The task
Every entry should be reproduced precisely, with each picture left out.

Records supplied
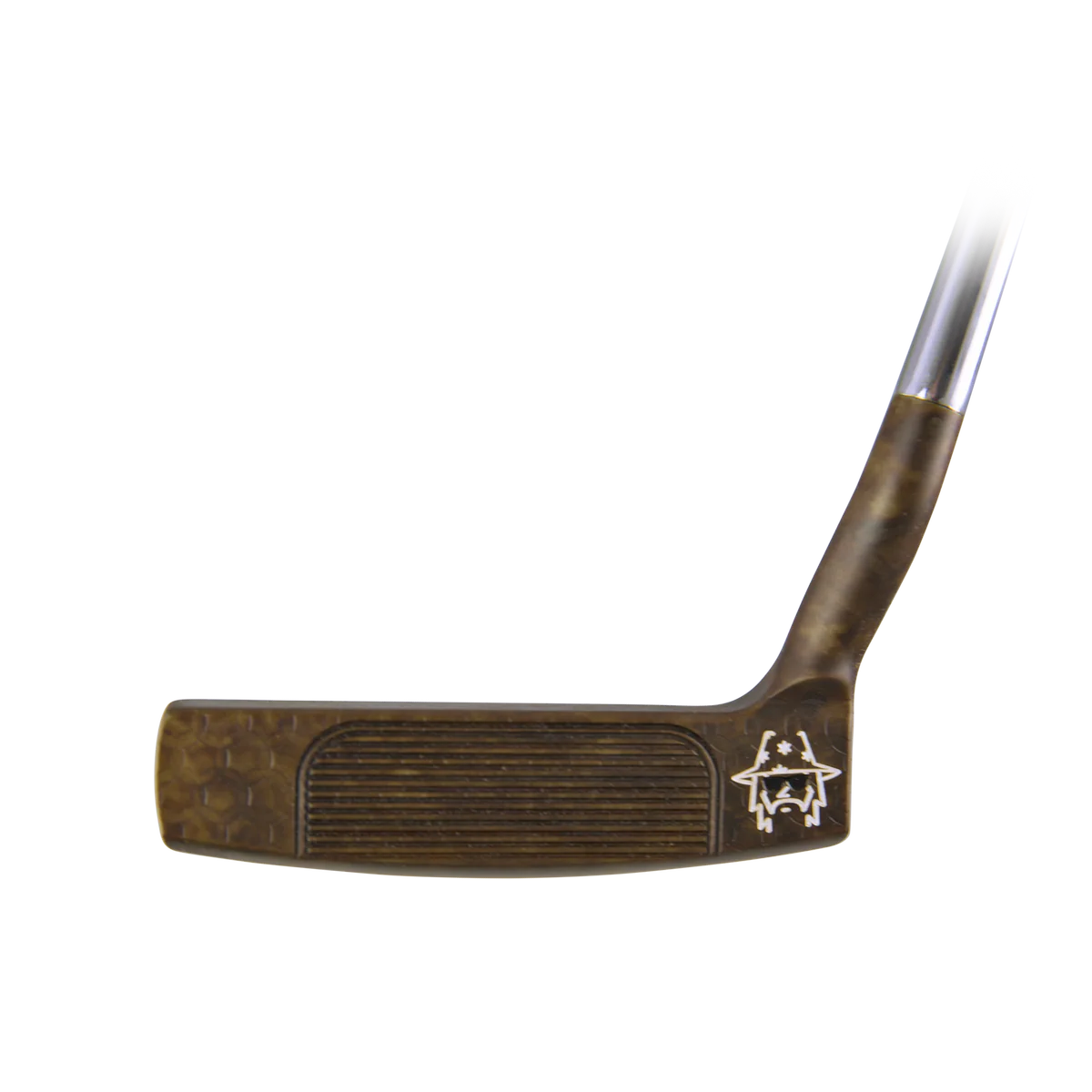 BB34 Raw Carbon Wizard - Image 3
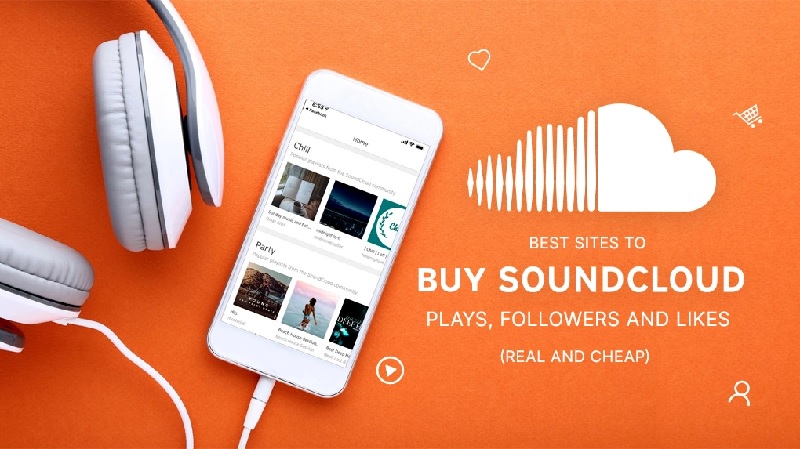 SoundCloud cho Windows - Phần mềm SoundCloud cho Windows hiệu quả nhất hiện nay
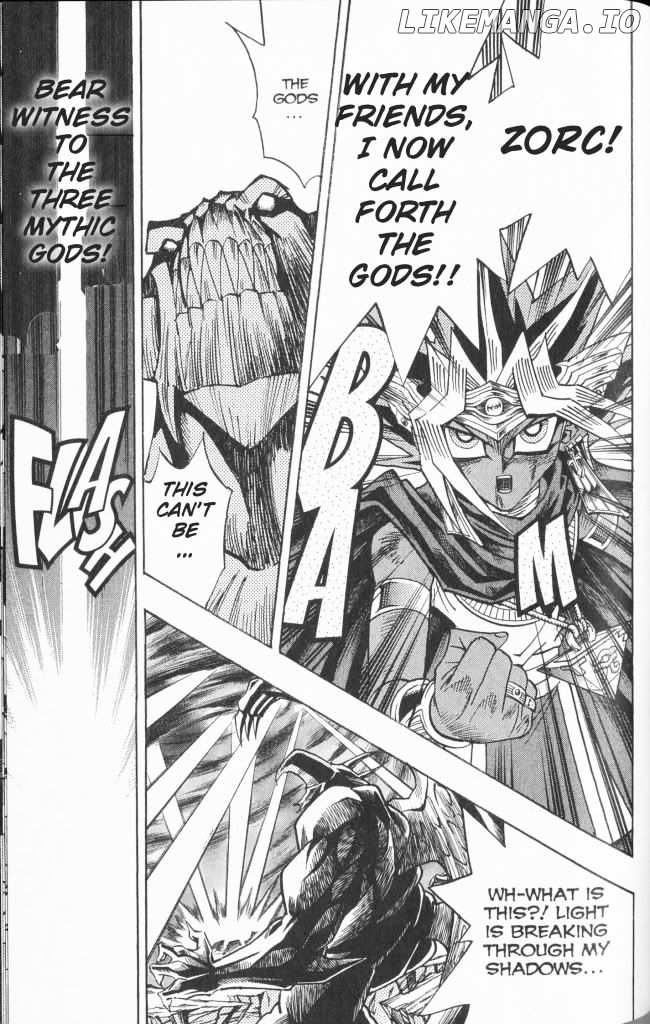 Yu-Gi-Oh! Millennium World chapter 55 - page 10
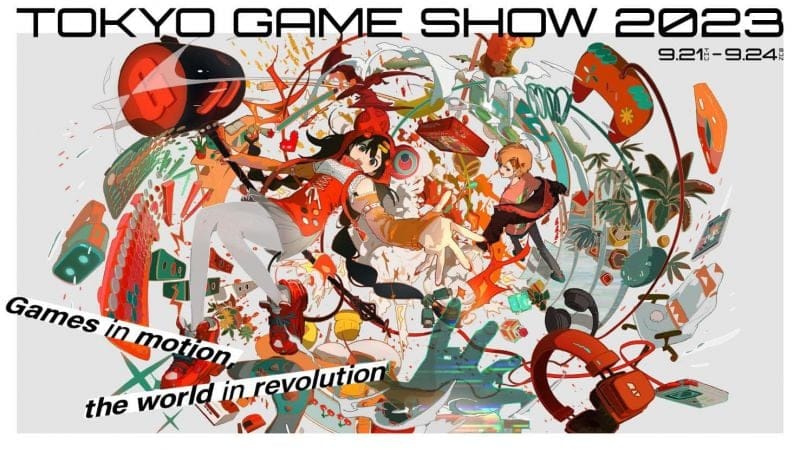 Tokyo Game Show : L'édition 2023 devrait être massive, la liste des exposants avec Capcom, Xbox, Square Enix...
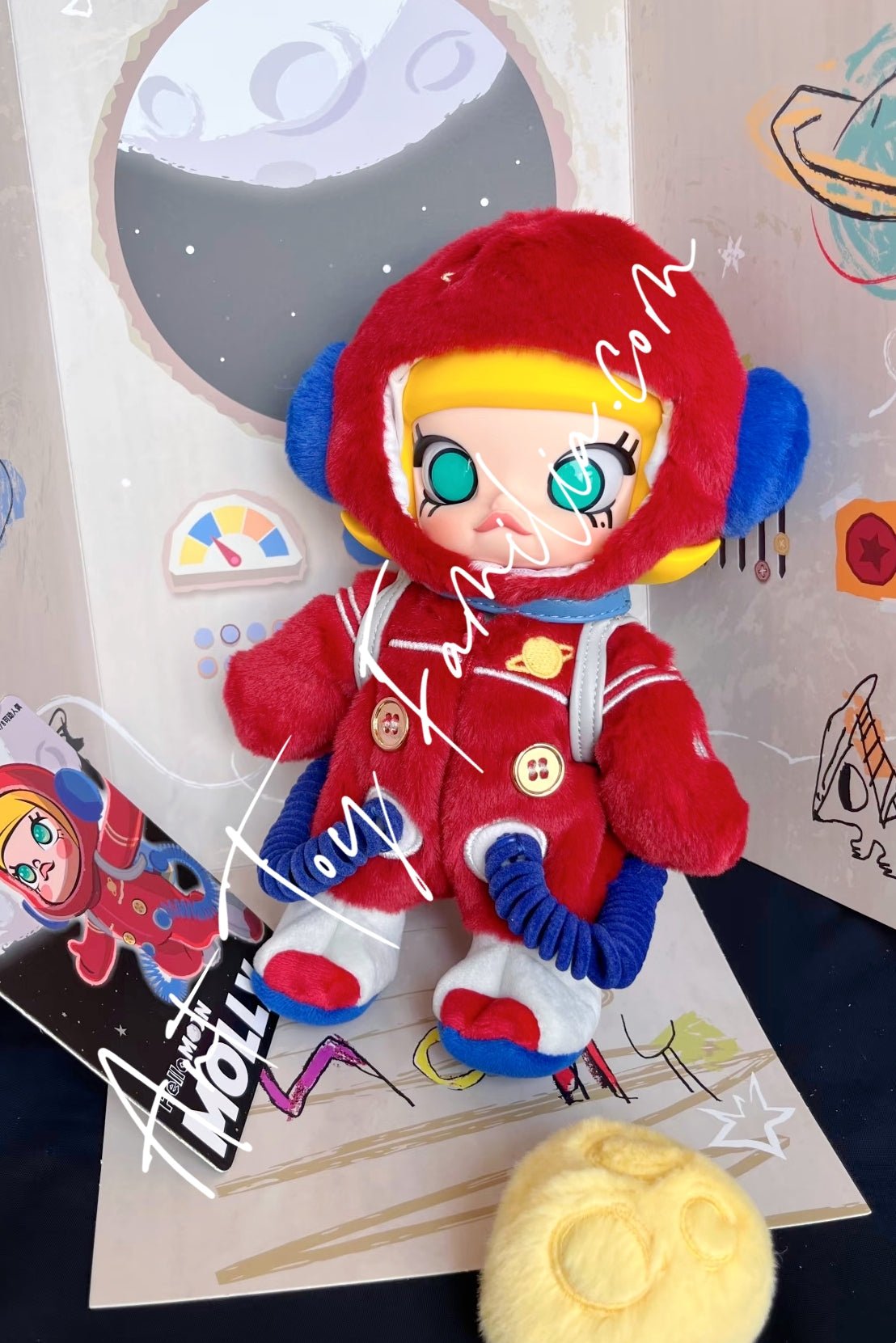 Molly Hello Moon 1/8 Action Figure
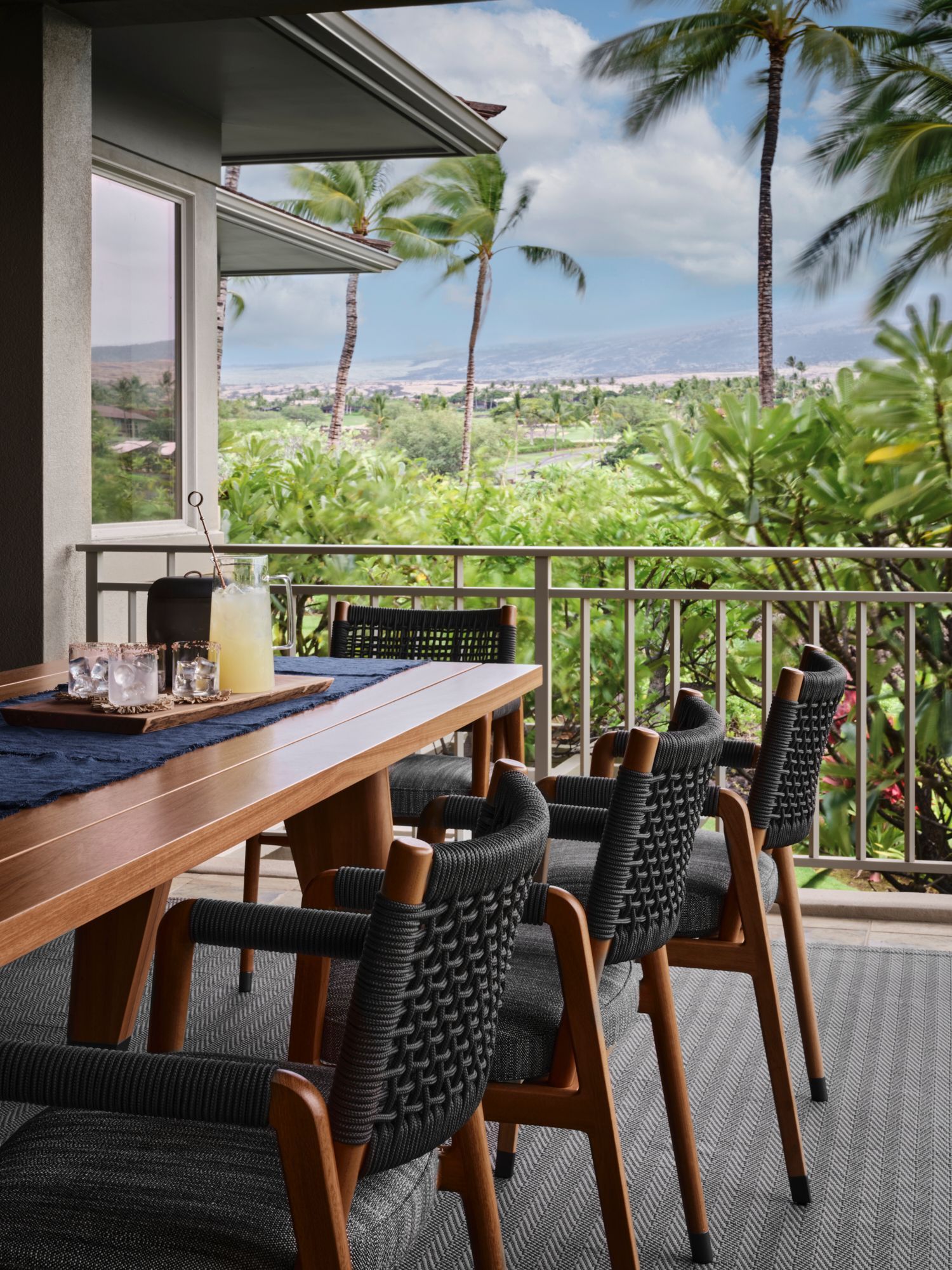 夏威夷梦幻度假屋丨美国夏威夷丨Nicole Hollis与Lewis Heathcote工作室-17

Solution for this exercise
 BB34 Raw Carbon Wizard - Image 3
 SoundCloud cho Windows - Phần mềm SoundCloud cho Windows hiệu quả nhất hiện nay
 Yu-Gi-Oh! Millennium World chapter 55 - page 10
 Tokyo Game Show : L'édition 2023 devrait être massive, la liste des exposants avec Capcom, Xbox, Square Enix...
 Molly Hello Moon 1/8 Action Figure
 夏威夷梦幻度假屋丨美国夏威夷丨Nicole Hollis与Lewis Heathcote工作室-17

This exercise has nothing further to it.